First, I am planning to share extensive early drafts and notes from my first graduate school research paper, which ultimately became (after much revision) my first published article. My plan is to let students in the course see the often messy and gradual process by which an article is made, a process that can unfortunately be obscured by the more finished products that graduate students are used to reading.
My reason for picking my own article to pick apart in class is not because I think the process that produced it was exemplary. On the contrary, while dusting off my old files for this article I’ve already found embarrassing mistakes, inefficiencies, and clunky methods that I would not use again. With the availability of digitized versions of many of the sources I used then, I’m not sure my research strategy would even be exactly the same today. And I’m also planning to share the readers’ reports I received recommending rejection of an earlier draft of this article, submitted to a different journal.
I have to say I’m making these decision with some hesitance; in an advice essay that I respect a lot, Phil Agre explicitly urges advisors to resist the temptation to talk about themselves. But my thinking is this: as even Agre acknowledges, when people offer advice about methods, how to do research, how to get something published, usually they are referring implicitly to their own experiences and particular choices, even when they don’t say so explicitly or realize it consciously. I’m hoping that sharing my own experience will make overt and transparent the particular stories and choices I would be drawing on anyway in teaching a methods class.
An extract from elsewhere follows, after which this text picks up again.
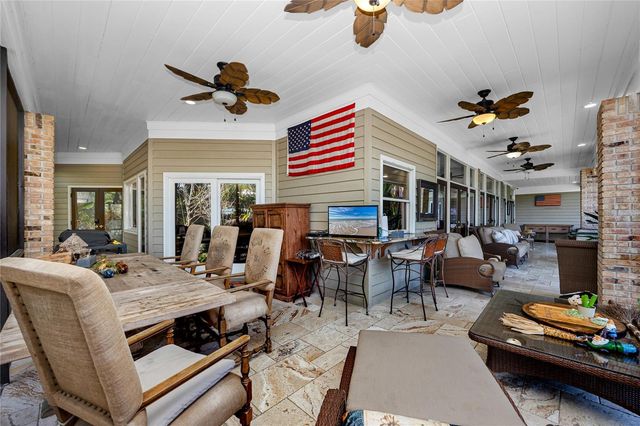 2780 LONG PUTT COURT, Palm Harbor, FL 34683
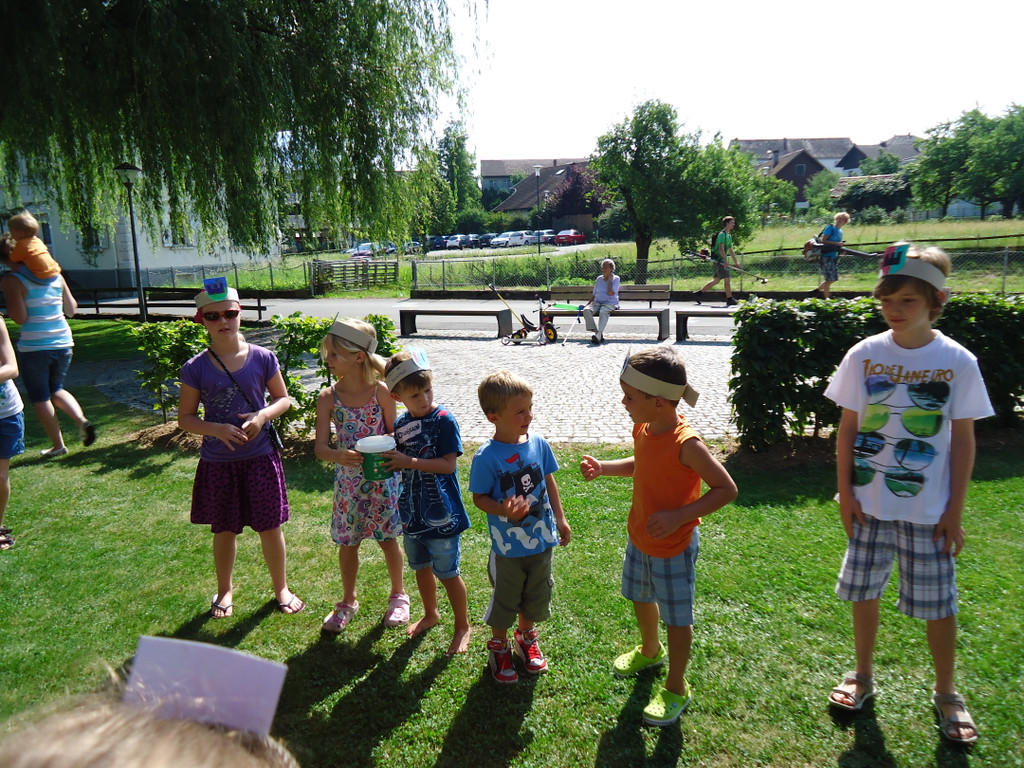 DSC01450_JPG-1374657465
That transparency will hopefully communicate that my own decisions and methods are only some of the many possible ones; to reinforce that point, I’ve invited the authors of two other articles we will be reading to Skype into our seminar and talk about their methods and work. I’m also hoping by my own willingness to talk about my methods to encourage students in the course to share what they do.
The other new thing I’m going to try to do more consciously in this course is to introduce discussions of how digital tools for research and communication are (or are not) changing methods in U.S. cultural history and beyond. This is a subject that has been much debated of late: some believe that digital humanities is or should be changing everything about our methods; others are deeply skeptical. Most of what I read on the subject falls somewhere in between, as do I.
Still, as I’ve noted before on this blog, I do think it’s safe to say that there are many changes afoot in the way that new historians will do research, present their findings, and communicate with each other through conferences like SHEAR and the AHA. When I started the article that I’m planning to share in class in the fall of 2001, my research process consisted of sitting in front of a microfilm machine listening to music on a 15GB Archos Jukebox. Since then my research still involves microfilm, of course, but new methods have also become part of my daily workflow. In this course I’m hoping to stimulate some discussion about these changes, partly with one of the week’s readings but also throughout the course.
Perhaps it is misguided to introduce digital history in a methods course that is still fairly traditional (maybe even Jurassic, if you agree with Bethany Nowviskie). But I’m disinclined to see decisions about what goes in a methods course as a zero-sum game. The environment in which historians do their work is certainly changing, but I think this calls less for an asteroid-like obliteration of the old than for selective adaptation and openness to new methodological mutations. Even in the brave new world current graduate students are entering, I think it’s safe to say there will still be many scholars writing journal articles. At least, I hope there will be. It’s not the best or only form, but it has its virtues, and I think it’s worth preserving alongside whatever other new species of scholarship are currently being born.